───── Input data ─────
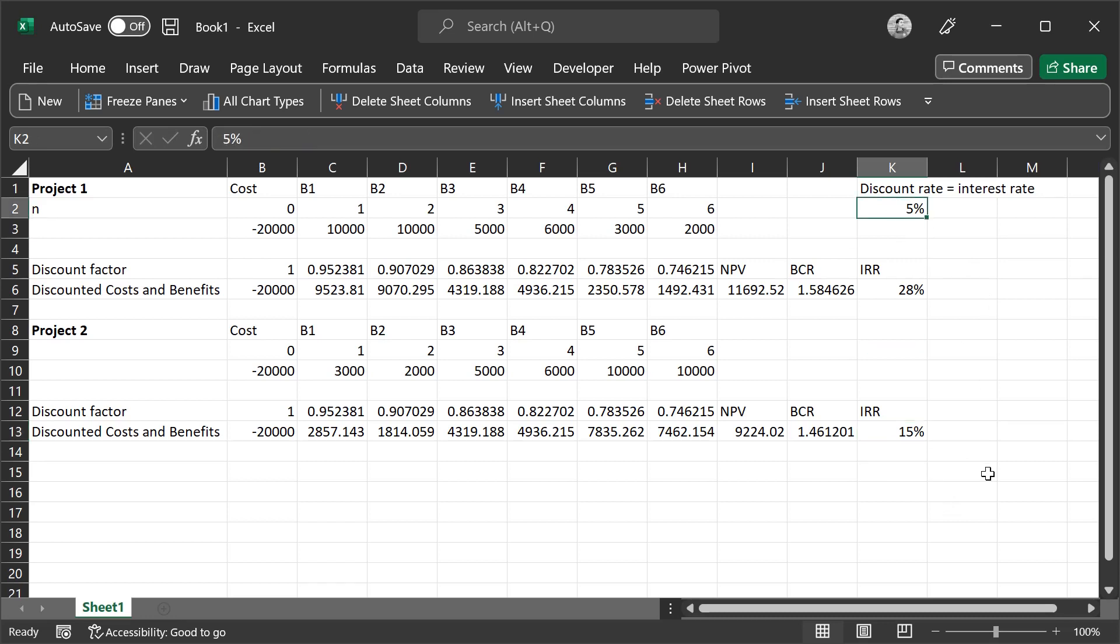So that's how we calculate the net present value, the benefit-cost ratio, and internal rate of return for projects and decide how to pursue those projects based on the type of projects they are.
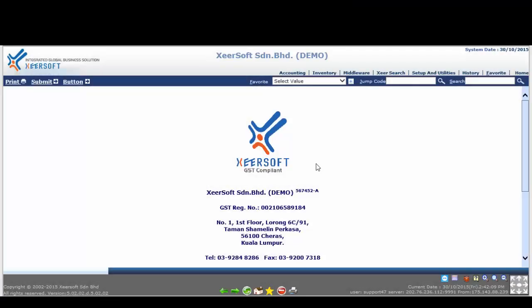Hello, good day. Welcome to Xeosoft System. This video is going to teach you how to generate the stock movement report in inventory module under reports and analysis.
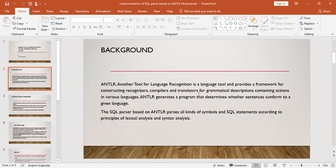ANTLR is a language tool that provides a framework for constructing recognizers, compilers and translators for grammatical description. ANTLR creates a program and determines whether a sentence is conformed to a given language, like C, Python, and all those different programming languages. The SQL parser will be based on ANTLR.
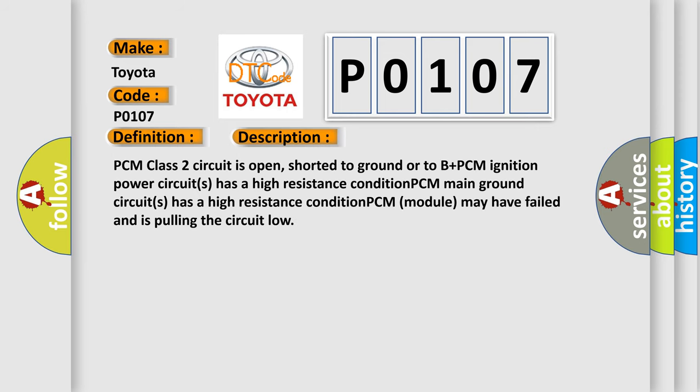PCM class 2 circuit is open, shorted to ground or to B plus. PCM ignition power circuit has a high resistance condition. PCM main ground circuit has a high resistance condition. PCM module may have failed and is pulling the circuit low.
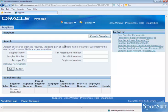Welcome to LearnApps. Today we are going to see how to assign the same bank account to multiple suppliers.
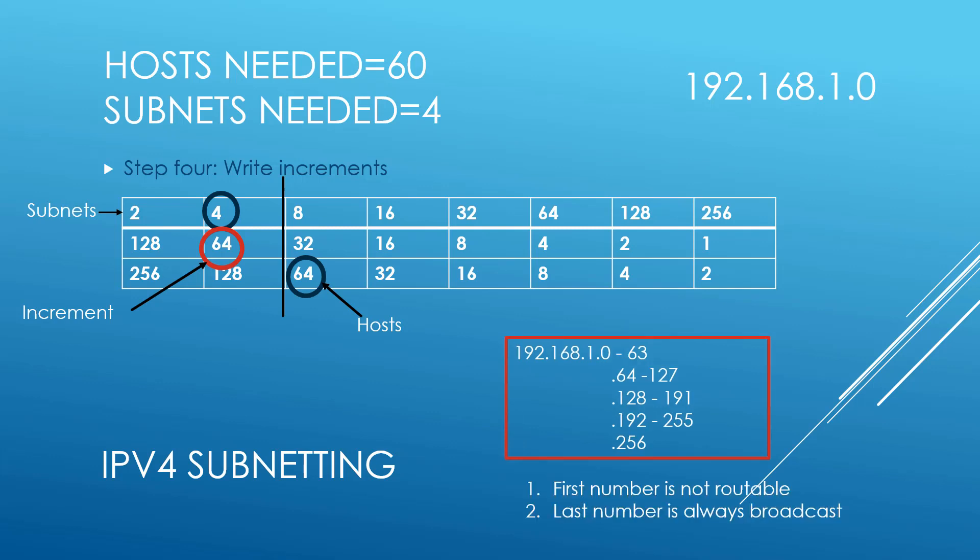The next step is to put in your ranges. So since we have 64 below, we could go to 63 in the 0 range above. So 0 to 63, 64 to 127, 128 to 191, and 192 to 255. The last number is 256 and there's no range there so we're going to get rid of that.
─────
◆ Task goal: The required result is the entries above, printed exactly from the first line through the line with "Hello, good day.", pictures excluded.

◆ Reply:
So that's how we calculate the net present value, the benefit-cost ratio, and internal rate of return for projects and decide how to pursue those projects based on the type of projects they are.
Hello, good day. Welcome to Xeosoft System. This video is going to teach you how to generate the stock movement report in inventory module under reports and analysis.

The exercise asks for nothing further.